With Bush’s campaign imploding and the political class as a whole fatally mistrusted by a Republican base that is indoctrinated from birth to hate “Big Government” the unthinkable – a Trump tilt at the Presidency – is edging closer to reality. The fact that Trump is a dog-whistle windbag who sports a hairstyle with a mind all of its own has, so far, counted for nothing; his leaden-footed opponents can’t lay a glove on the dancing bear. Carson, still benefiting from his pseudo outsider status, looks to be a vacuous stooge of George W. Bush proportions and is, if anything, an even more dangerous proposition than his celebrity counterpart. As well as his revisionist account of the Holocaust he‘s also on record as claiming that prison can turn men gay and demanding a compulsory religious test for those contemplating running for President.

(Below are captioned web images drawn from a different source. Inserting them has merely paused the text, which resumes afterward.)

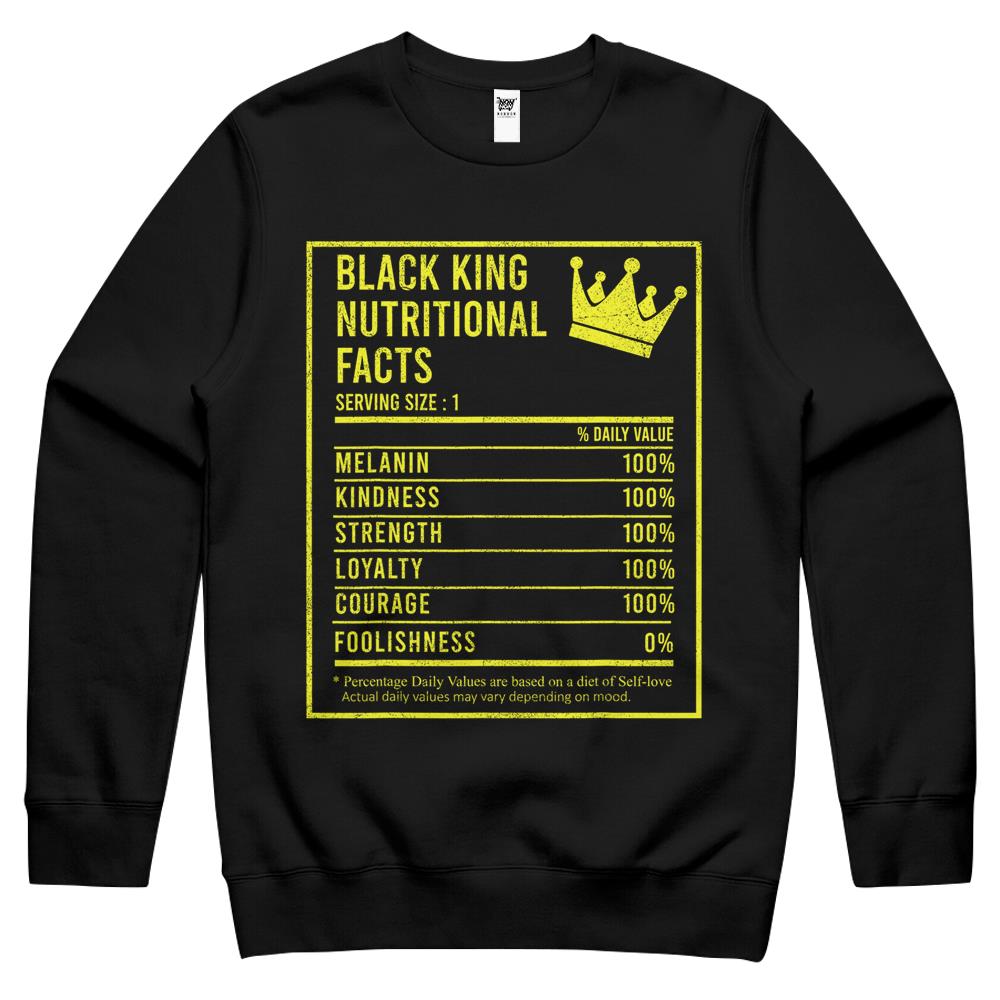 Nutritional Facts Shirt, Nutritional Facts Crewneck Sweatshirt, Black King Nutrition Facts Shirt, Black King Nutritional Facts Apparel, Black History Crewneck Sweatshirt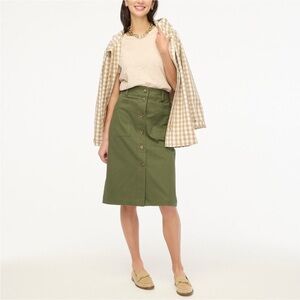 J.Crew utility button front distressed fatigue green midi skirt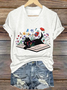 Cat Book Casual Loose V Neck T-Shirt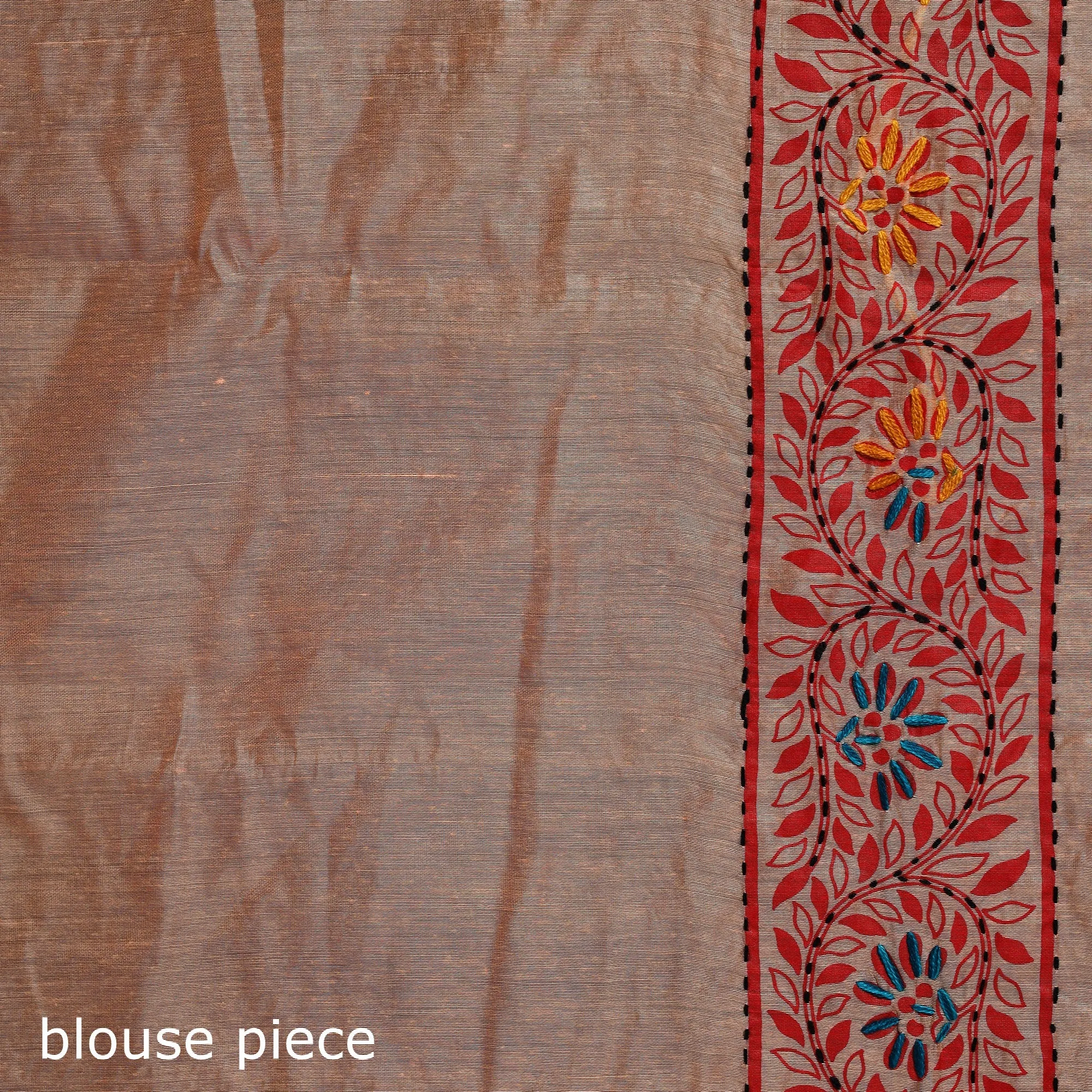 Hand Embroidered Chanderi Silk Chapa Work Phulkari Saree 11 sold by Itokri product image thumbnail 5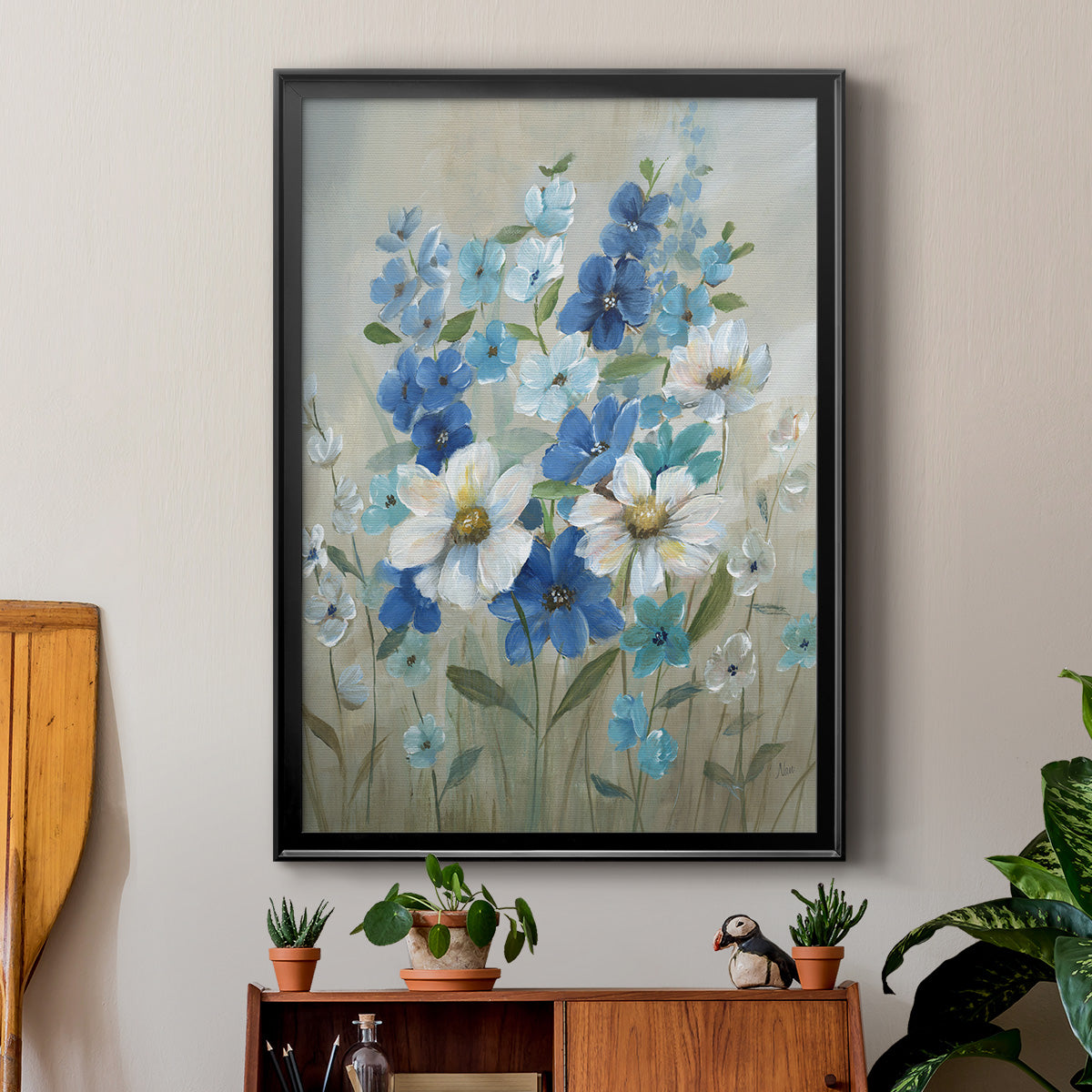 Blue Garden II - Modern Framed Canvas Print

In the same way that none of the establishment candidates in this summer’s Labour Leadership election were able to galvanise their electorate, leaving the field wide open for the Corbynistas, to defenestrate Blairism, the latest Republican debate served to confirm that the chance of an end around run from a rookie candidate has never been more likely to result in a Presidential touchdown. Of course, Trump, in reality, is just as much of a privileged machine politician as anyone else on the Republican ticket but voters don’t seem ready to accept that just yet. The lessons of American political history tell us that Trump’s challenge will ultimately fail (Reform Party candidate Ross Perot crashed and burned in 1992 after leading at the turn) but, as it presently stands, with less than a hundred days till the first ballots are cast, it’s all a little too close for comfort. Get ready to duck and cover!